Mr Ruddock was required to explain himself before the Full Federal Court, the judges being concerned that his remarks might be seen as an attempt to put pressure on the Court and affect its deliberations. The Solicitor-General, David Bennett QC, told the Court that Mr Ruddock regretted that his comments had been misinterpreted, and did not intend to put pressure on the Court. Later that day, Mr Ruddock continued to express irritation at the record of judges in immigration cases. The next day, the coalition party room applauded Mr Ruddock for his attack on judges.

Attacks by government on the judiciary are particularly unfortunate – not because this is discourteous, and not because judges should be above criticism, but because such attacks inevitably corrode public acceptance of the judicial check on executive power – and undermine respect for the rule of law. Judges cannot enter the public arena in defending their judgments, other than by giving their formal reasons for decision.

Later, of course, this same man, who arguably has the worst record of any Federal Minister in Australian history for his attacks on the judiciary, was appointed Attorney-General, with responsibility, traditionally, to support judges. Not surprisingly, he continued to undermine the independence of the judiciary, and in particular judicial oversight of executive power. In so doing he undermined the rule of law.

On 10th September 2005, Scott Parkin, a non-violent peace activist visiting from the United States, was hauled off Sydney Road Brunswick by Australia’s finest, taken to jail, held incommunicado, and then flown out of Australia. He had to pay for his custody and his flight, as well as that of the two security officials who accompanied him. He had caused embarrassment to Halliburton because of his non-violent street theatre, and to the US, but there was no suggestion of any offence being committed or any breach of the terms of his visa. Other than that there was an adverse security assessment made about him we simply do not know on what grounds he was silenced. Nor does he.

He has challenged the decision to treat him this way in the Federal Court. But Mr Parkin and his lawyers are not allowed to see the evidence against him. They are not allowed to be in court when the government makes its submissions. This is all permitted under the NationalSecurity Information (Criminal and Civil Proceedings) Act, a certificate having been signed by the Attorney-General, Mr Ruddock, who sponsored the passage of this legislation through Parliament.

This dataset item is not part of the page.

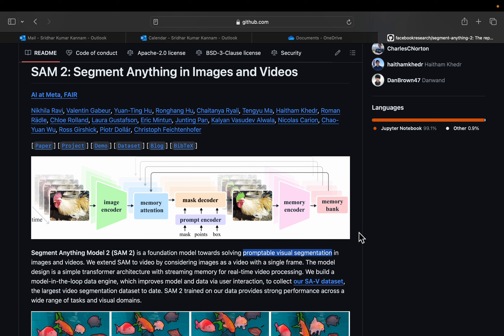Meta has released new foundation models for segmenting images and videos. With these models, we can do promptable visual segmentation, which means along with images or videos, we can also provide particular coordinates on the images in the form of points or rectangles to do the visual segmentation.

Once we reach this stage, where political repression can go unreviewed because a politician says so, we no longer have the rule of law, but the unbridled, unfettered exercise of power – the rule of the despot.

This is not upholding our rights and security. This is destroying our democracy in the name of defending it.

Latin Americans are not so different from us. We would do well to learn from some of the mistakes they have made. And one of these has been disregard for the rule of law.

I agree with John Howard that respect for the rule of law is one of the values that binds Australian society. More than that, the rule of law is one of the means by which we vindicate and uphold our values as a society. It is essential to democracy. It is a value I encourage all Australians to share.